A free town centre metro shuttle bus provides a service every 15 minutes, using a circular route covering approximately three miles around the town centre and accessing 15 other bus stops. You can also jump in the car and head for city life with the A666 providing quick access to the M60 and M62. The M61 leading to the M6 ensures that you have unfettered access to the entirety of the Northwest.
“29 secondary schools; with five of those reaching outstanding status, and nine achieving good ratings…”
Bolton is home to one of Greater Manchester’s four universities, The University of Bolton. Having only obtained university status in 2005 it is one of Britain’s newest universities. There is an extensive range of educational institutions in Bolton consisting of 88 schools, with 18 of those considered outstanding, and 56 considered to be good – which is an excellent record for an area of this size. There are also 29 secondary schools; with five of those reaching outstanding status, and nine achieving good ratings.

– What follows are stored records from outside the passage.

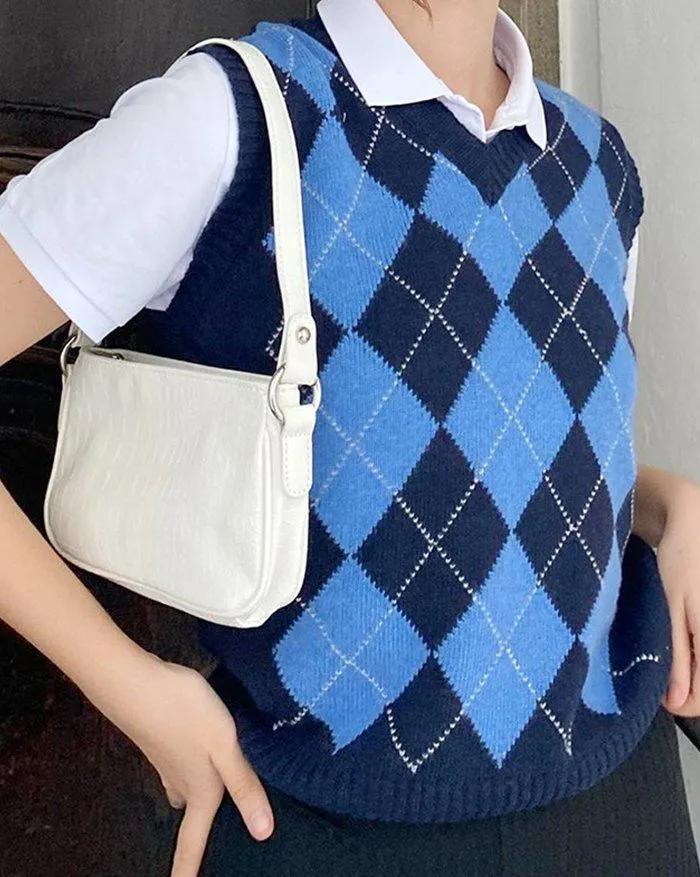 超减龄穿搭法则被杨超越狠狠拿捏,杨超越水手服穿搭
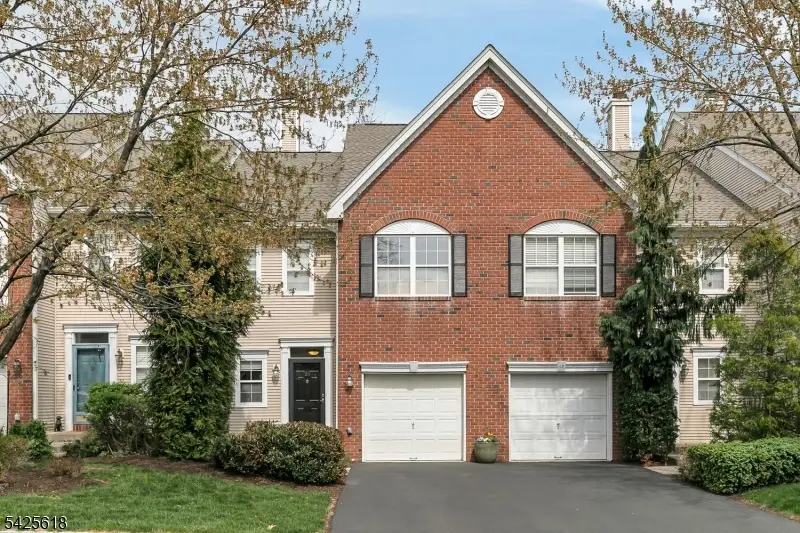 20 Hopkinson Ct, The Hills, NJ 07920 - #1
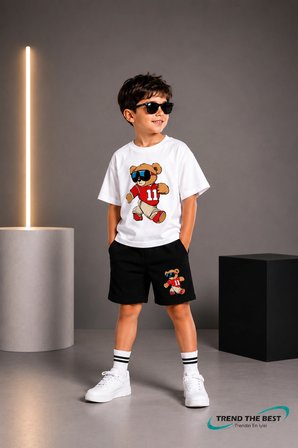 Yazlık Gözlüklü 11 Numara Ayıcık Baskılı Erkek Çocuk Siyah Şort, Beyaz T-Shirt Takım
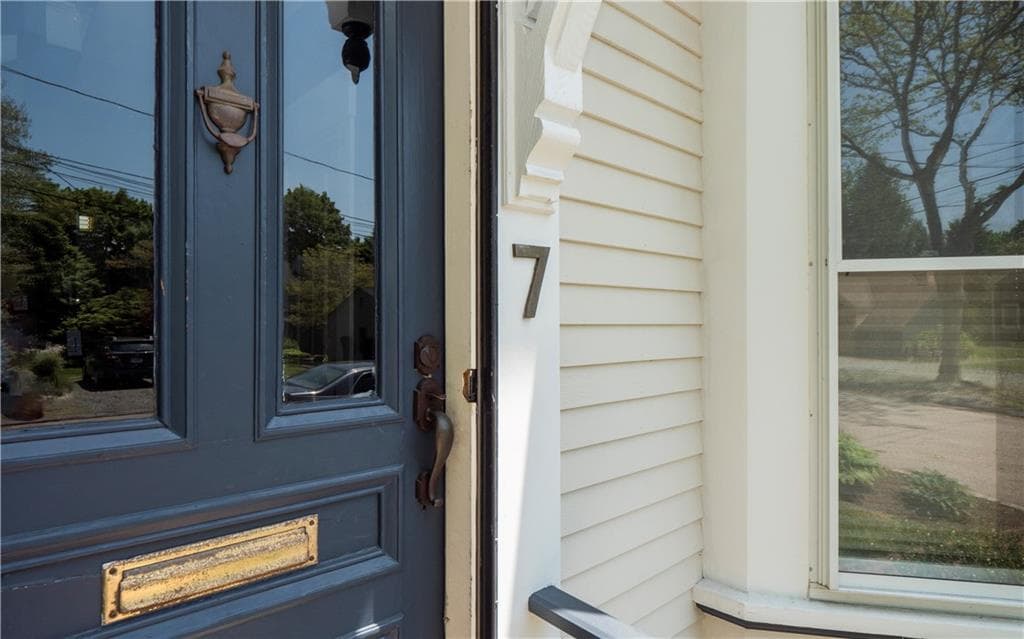 7 Howe #2 photo 5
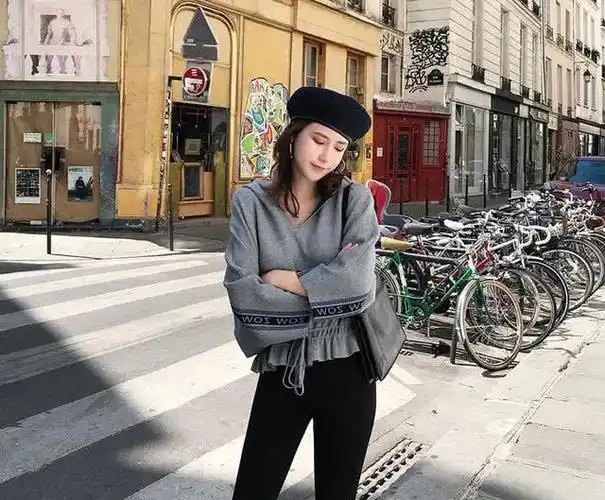 女人穿衣要精致,才能吸引别人,这8种时尚穿搭,俏皮端庄又稳重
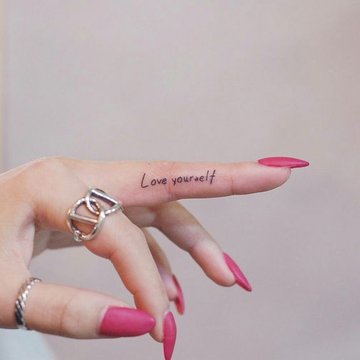 Женские тату на пальцах (11)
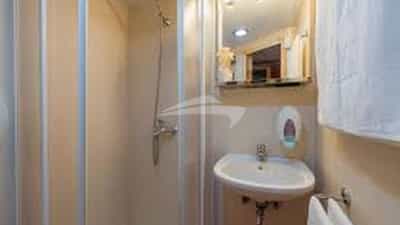 Guest Bathroom - Lower Deck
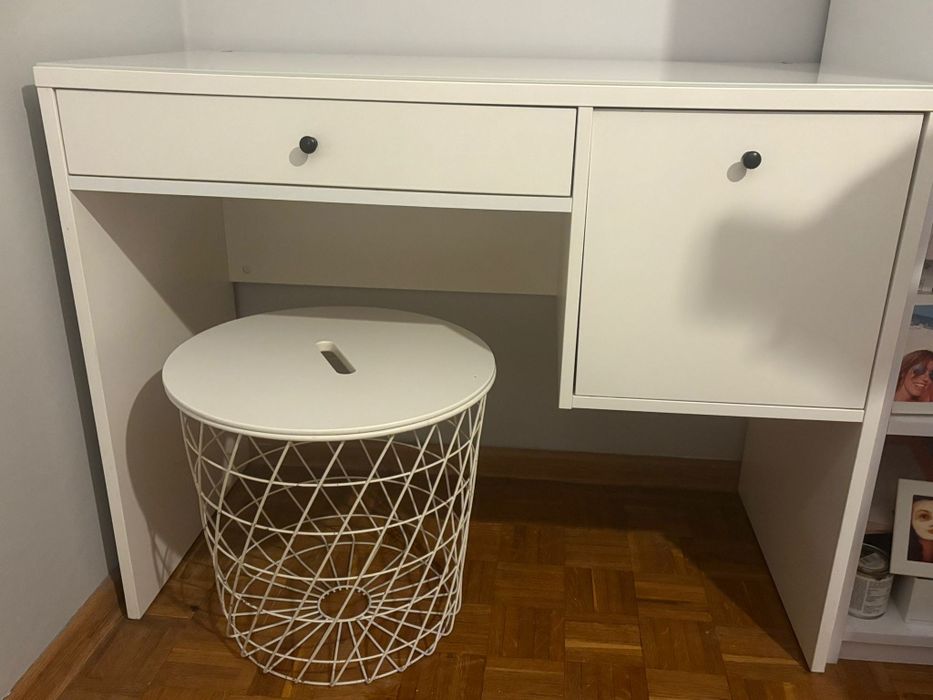 Biurko, toaletka Ikea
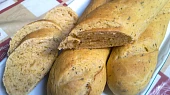 Bagety s provensálskými bylinkami, na řezu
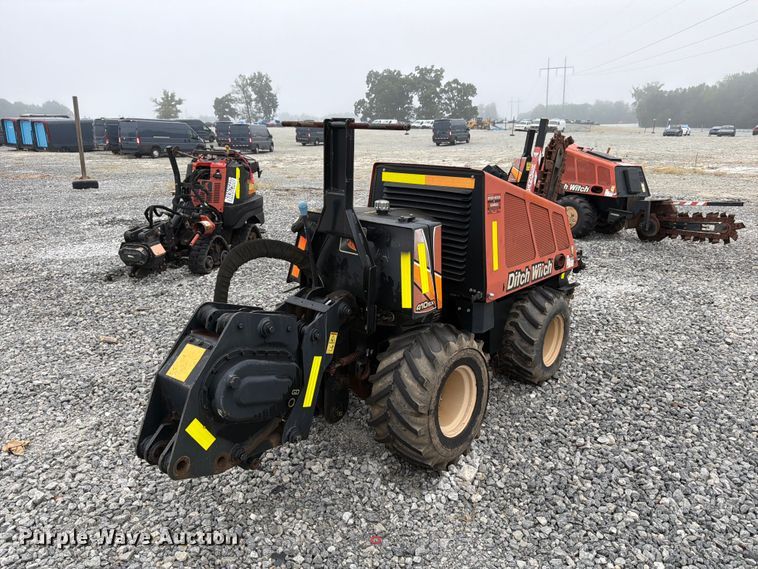 image for item YA5432 2016 Ditch Witch 410SX trencher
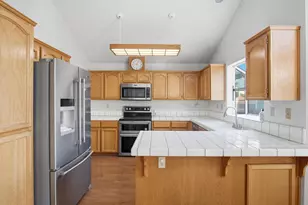 1507 Crestwood Dr, Escalon, CA 95320 - Photo 12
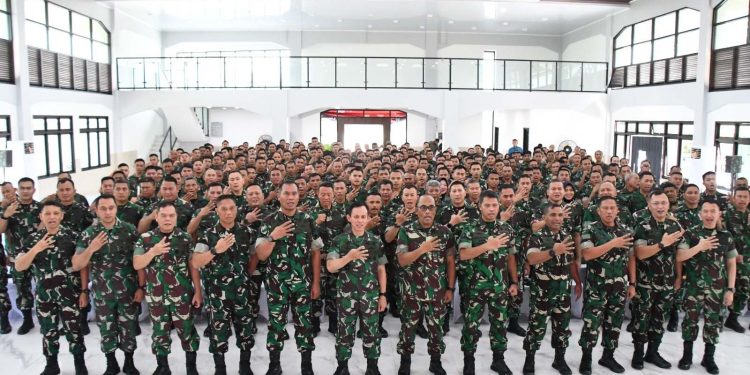 Kunker di Makorem 044/Gapo, Pangdam II/Swj : Siapkan Pendidikan Anak Sejak Dini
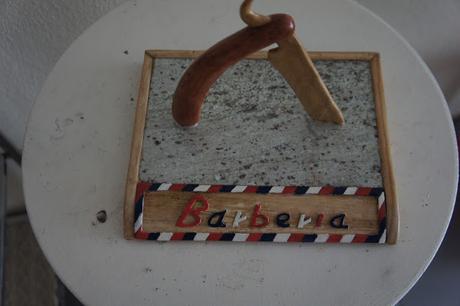 TALLAS EN MADERA: NAVAJA DECORATIVA BARBER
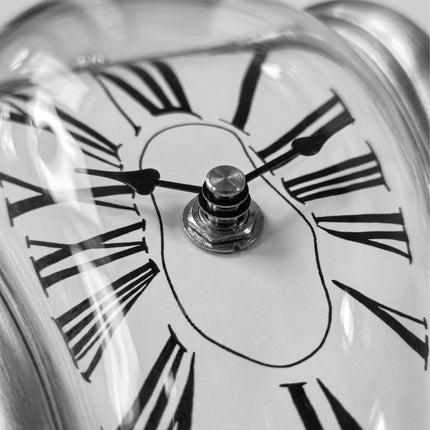 Surrealist Silver Table Clock – Curved Design, Battery-Powered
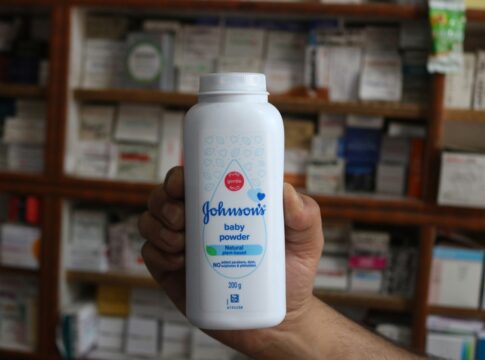 johnson-&-johnson-e-condenada-a-pagar-r$-8,3-bilhoes-a-paciente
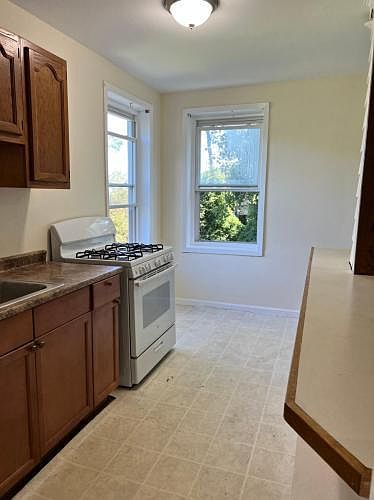 1st image of 462 Warburton Ave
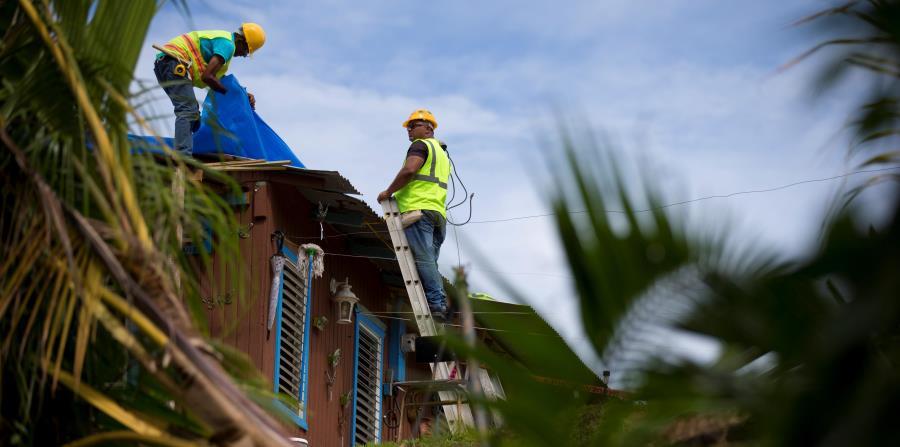 While the government estimated in $ 94.4 billion the federal assistance needed for the reconstruction of the island (horizontal-x3)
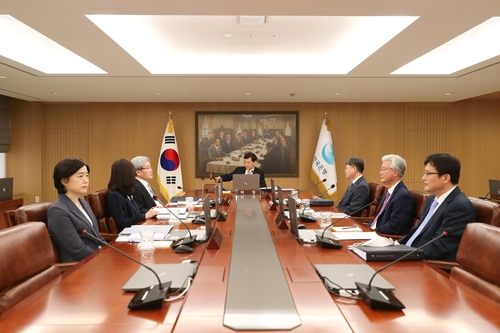 In the photo, provided by the Bank of Korea (BOK), BOK Gov. Lee Ju-yeol (C) and other members of the monetary policy board hold a rate-setting meeting on May 28, 2020, in which the seven-member board slashed the key rate by a quarter percentage point to send it to a record low of 0.50 percent. (PHOTO NOT FOR SALE) (Yonhap)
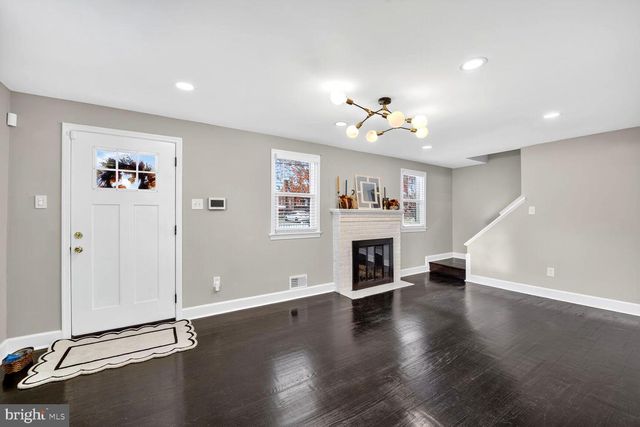 5918 ROBIN LN, Suitland, MD 20746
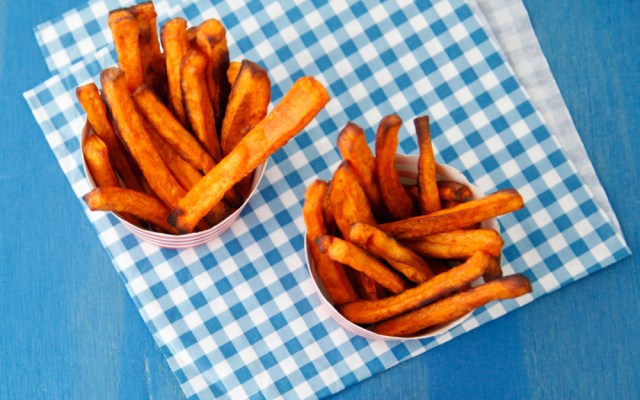 cinnamon sweet potato fries are a kid friendly appetizer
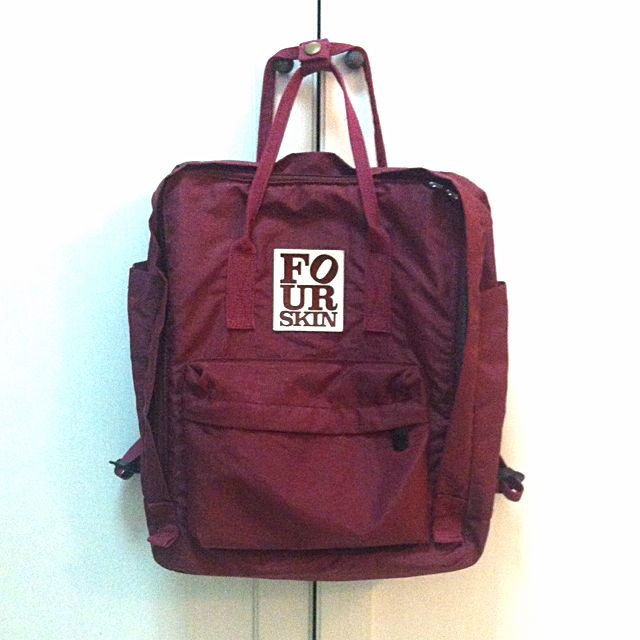 wine red kanken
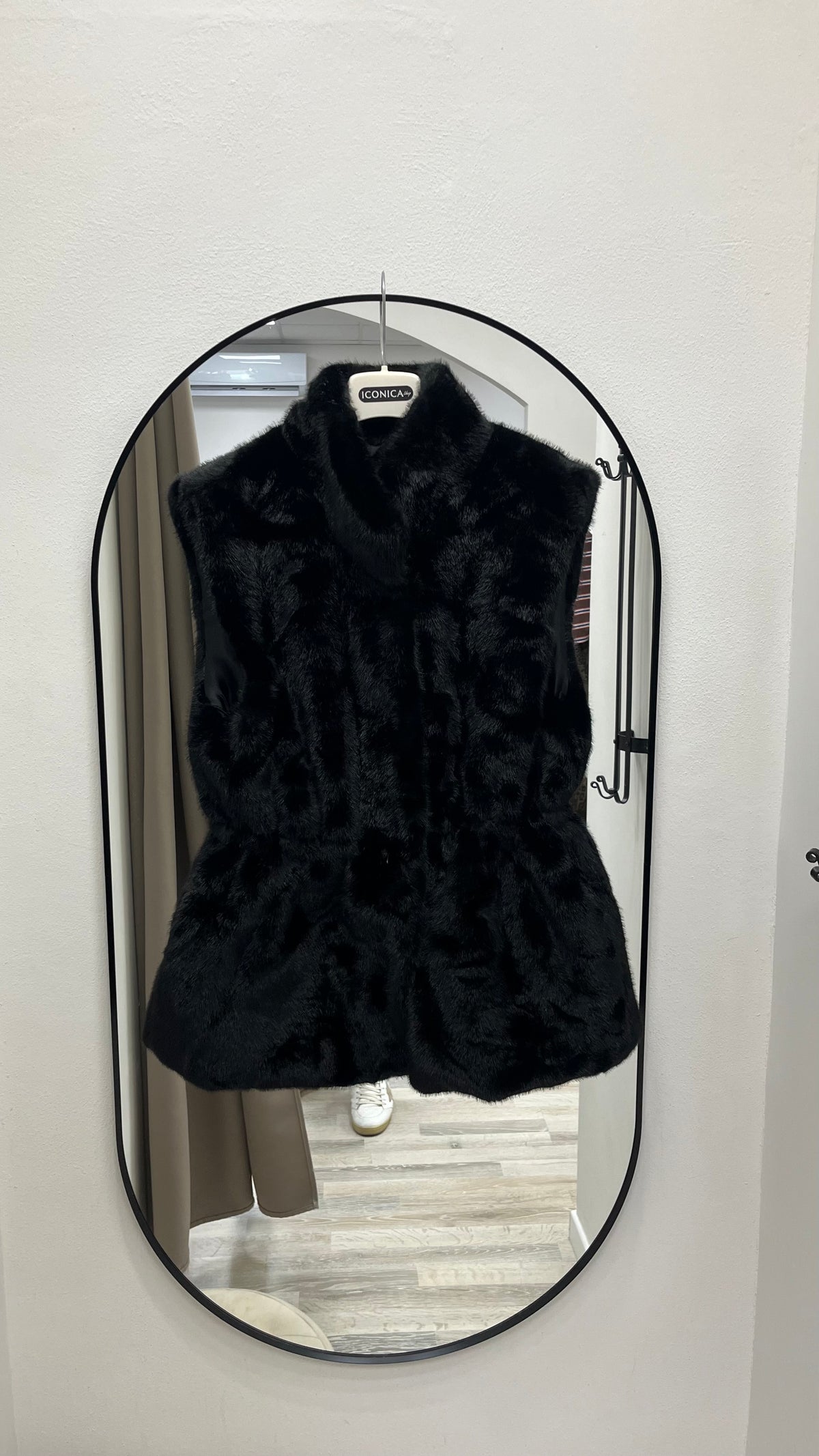Gilet ecopelliccia arricciato Nero Susy Mix
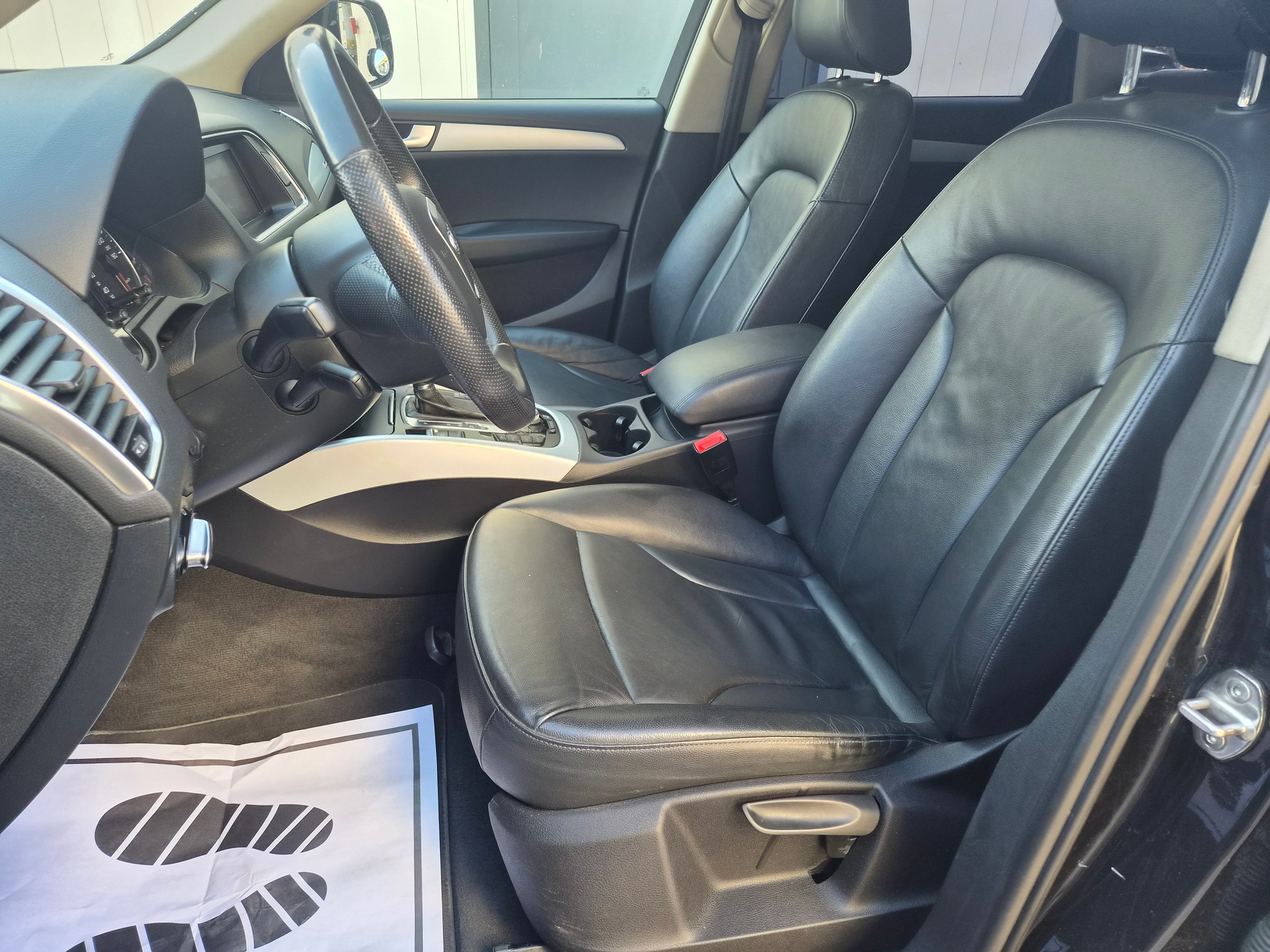 AUDI Q5 2.0 TFSI quattro S-tronic-image-10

Bolton hosts more than 25 parks in and around the Bolton area, so there’s no shortage of places to enjoy time with your kids. Skate and trampoline parks are also popular attractions as is a riding centre, open farm, and steam museum.
Shopaholics have plenty of reason to love the Bolton area well as it is home to three good sized shopping centres, which all feature a mix of big-store brands and smaller independents.
The socialites can also find plenty of reason to enjoy their time off as Bolton attracts students and townsfolk to its venues on the weekend. There’s a ton of variety on offer as the fun includes all manner of entertainment, from dining out to pubs and clubs.
“all manner of entertainment, from dining out to pubs and clubs…”
The Bolton Wanderers Football Club stadium provides facilities for indoor sports training and regularly hosts major racket sports tournaments.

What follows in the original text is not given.